- [Problem] The records that follow should be copied out exactly, pictures excluded.

- [Data for analysis]
Start of Block
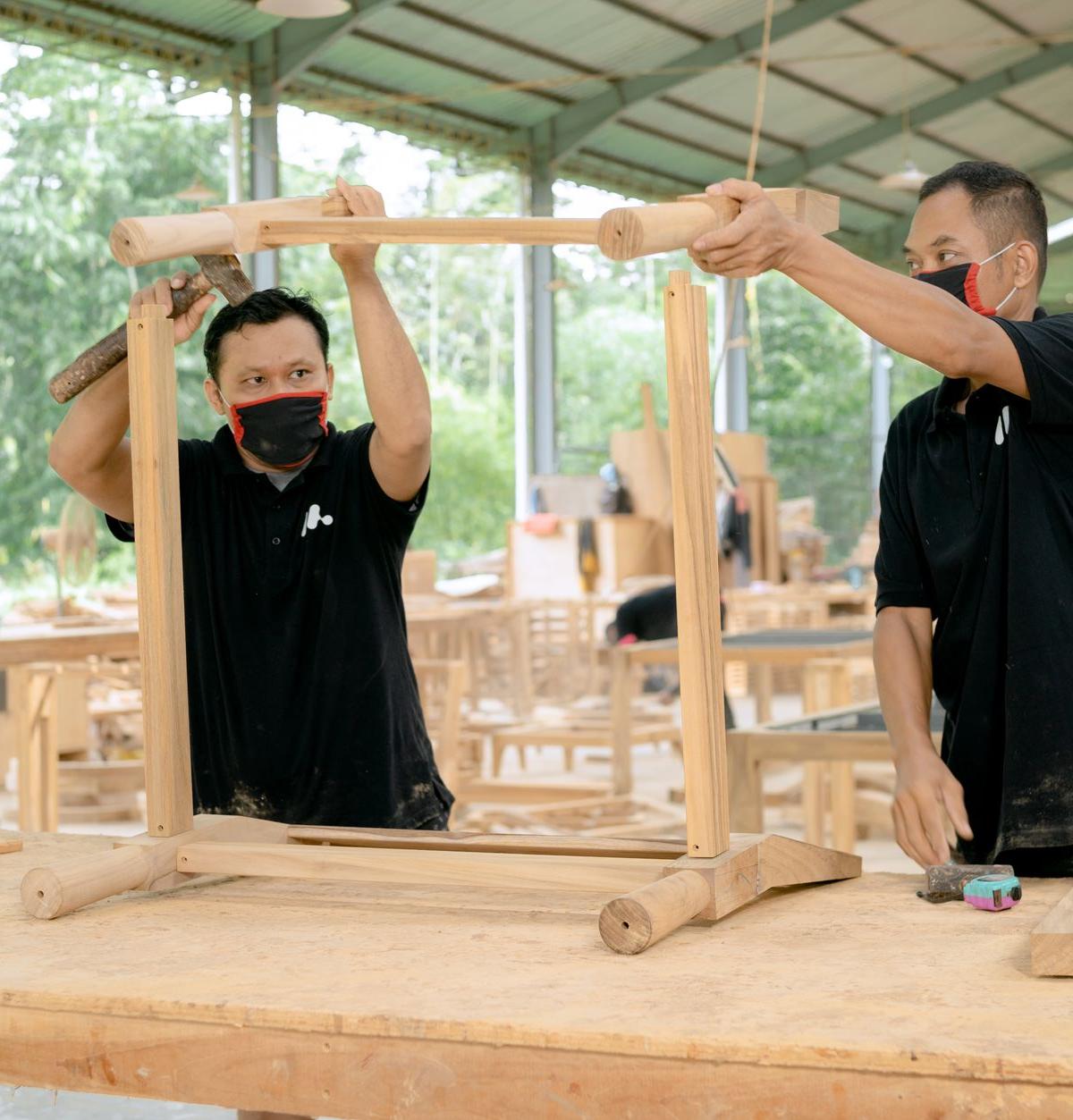 Inside an ordinary UK dining room, two self-employed delivery crew members assembling a wooden dining table, one aligning…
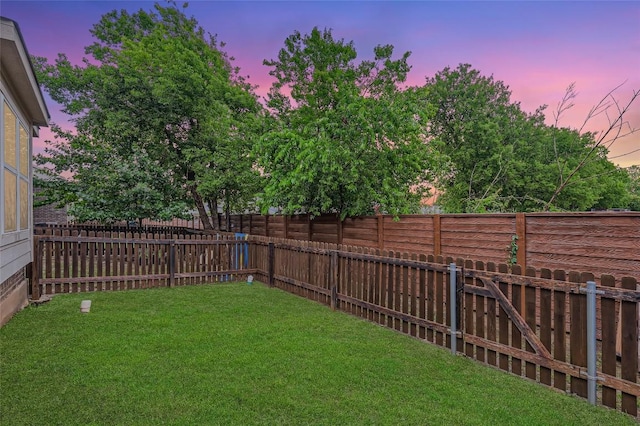 17301 Leafroller Dr Unit A, Pflugerville, TX 78660 - view of yard at dusk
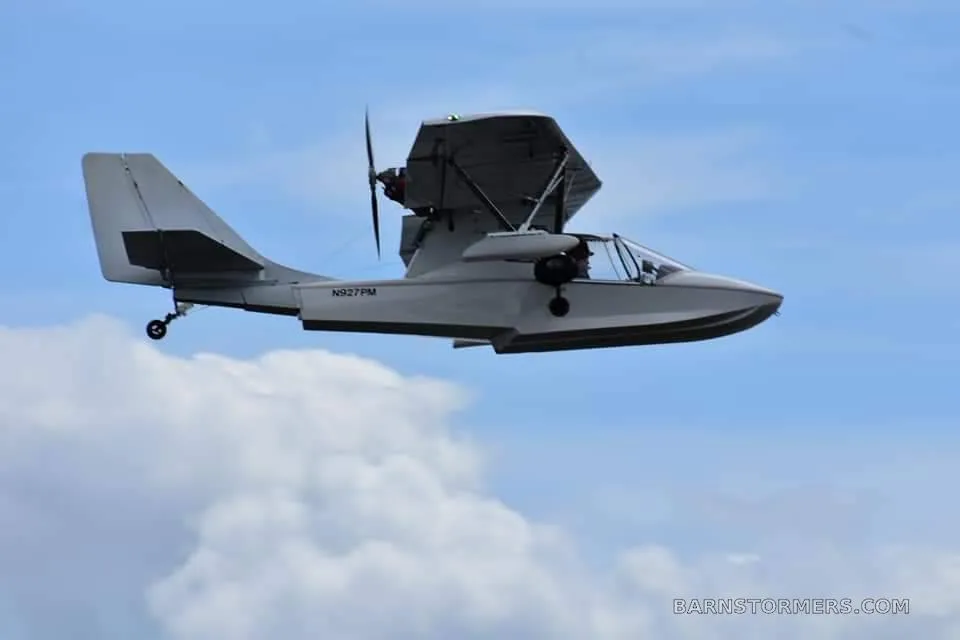 A white experimental seaplane with registration N927PM is flying against a blue sky with clouds.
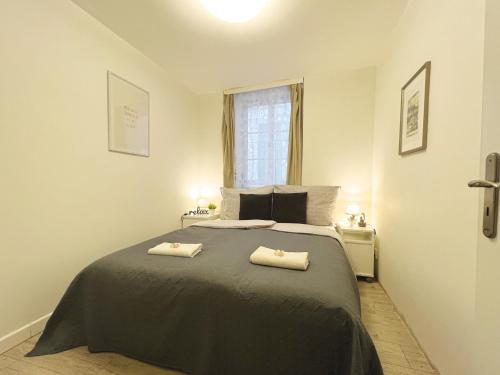 Ein Bett oder Betten in einem Zimmer der Unterkunft Residence Charles Bridge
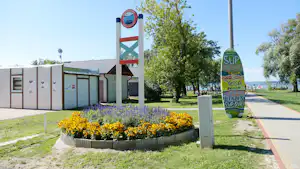 Weg auf dem Campingplatz mit Blumenbeet, Schildern für SUP und Yoga sowie Gebäuden und Bäumen im Hintergrund.
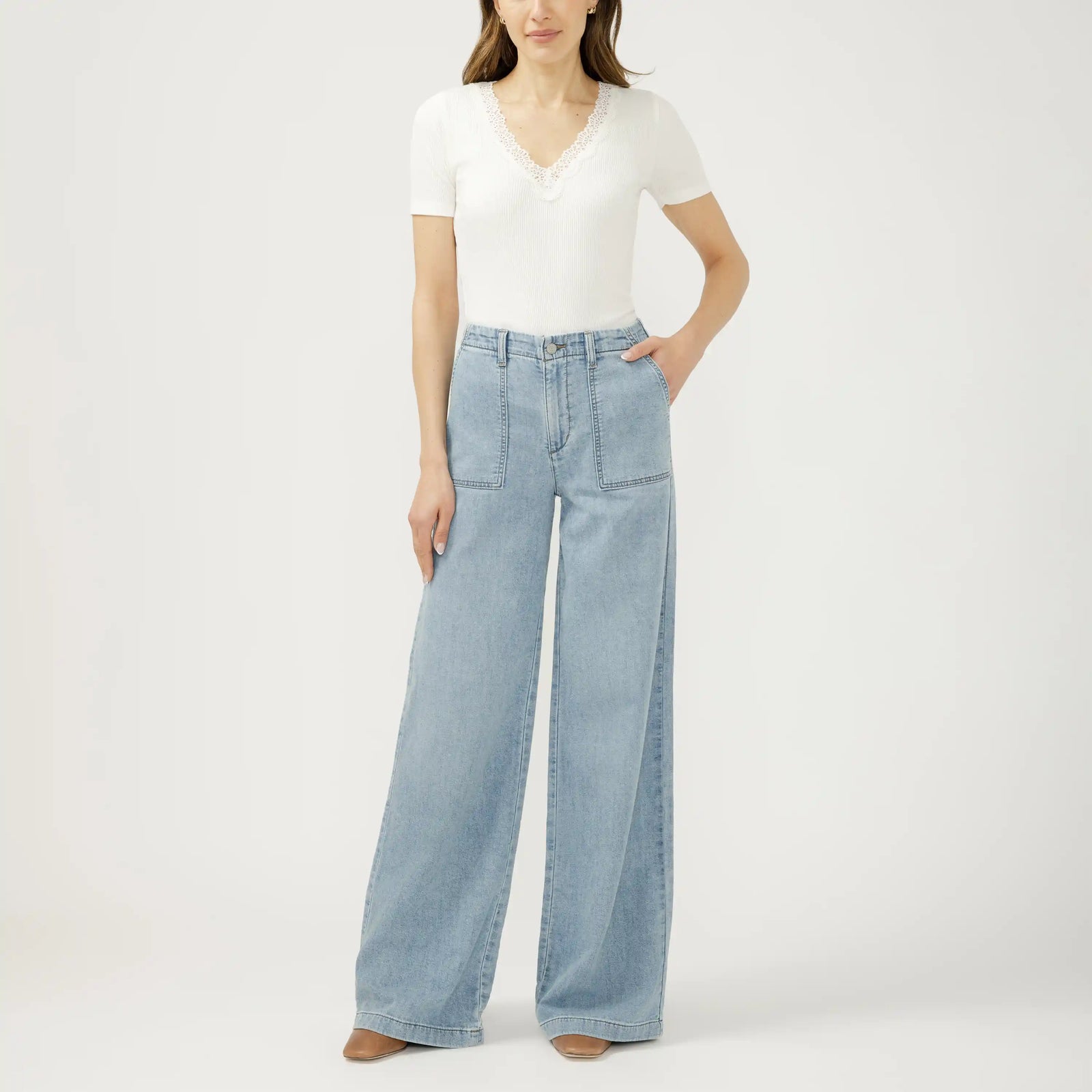 Light wash wide leg knit flex denim jeans in Crickets. Relaxed silhouette with a soft, stretchy fit that moves easily.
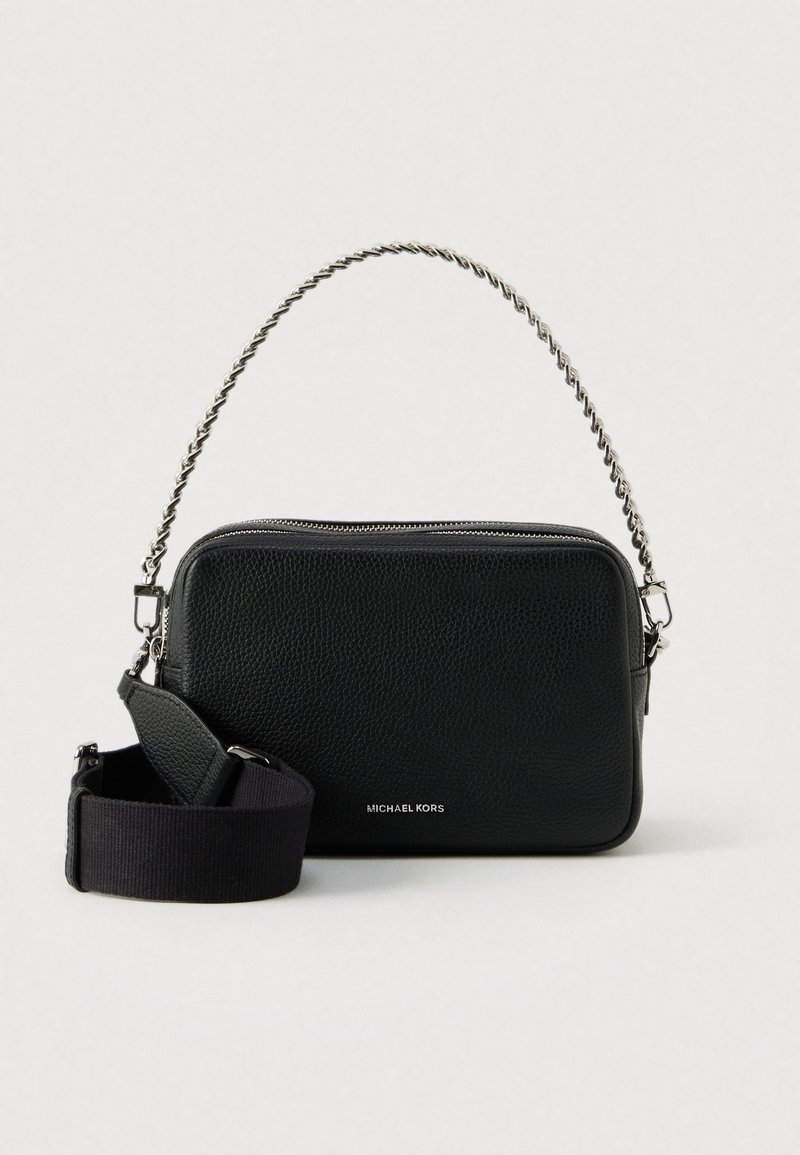 Sac d'épaule rectangulaire Michael Kors noir texturé avec poignée en chaîne argentée et bandoulière large noire amovible sur fond blanc.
End of Block
- [Your response]
 Inside an ordinary UK dining room, two self-employed delivery crew members assembling a wooden dining table, one aligning…
 17301 Leafroller Dr Unit A, Pflugerville, TX 78660 - view of yard at dusk
 A white experimental seaplane with registration N927PM is flying against a blue sky with clouds.
 Ein Bett oder Betten in einem Zimmer der Unterkunft Residence Charles Bridge
 Weg auf dem Campingplatz mit Blumenbeet, Schildern für SUP und Yoga sowie Gebäuden und Bäumen im Hintergrund.
 Light wash wide leg knit flex denim jeans in Crickets. Relaxed silhouette with a soft, stretchy fit that moves easily.
 Sac d'épaule rectangulaire Michael Kors noir texturé avec poignée en chaîne argentée et bandoulière large noire amovible sur fond blanc.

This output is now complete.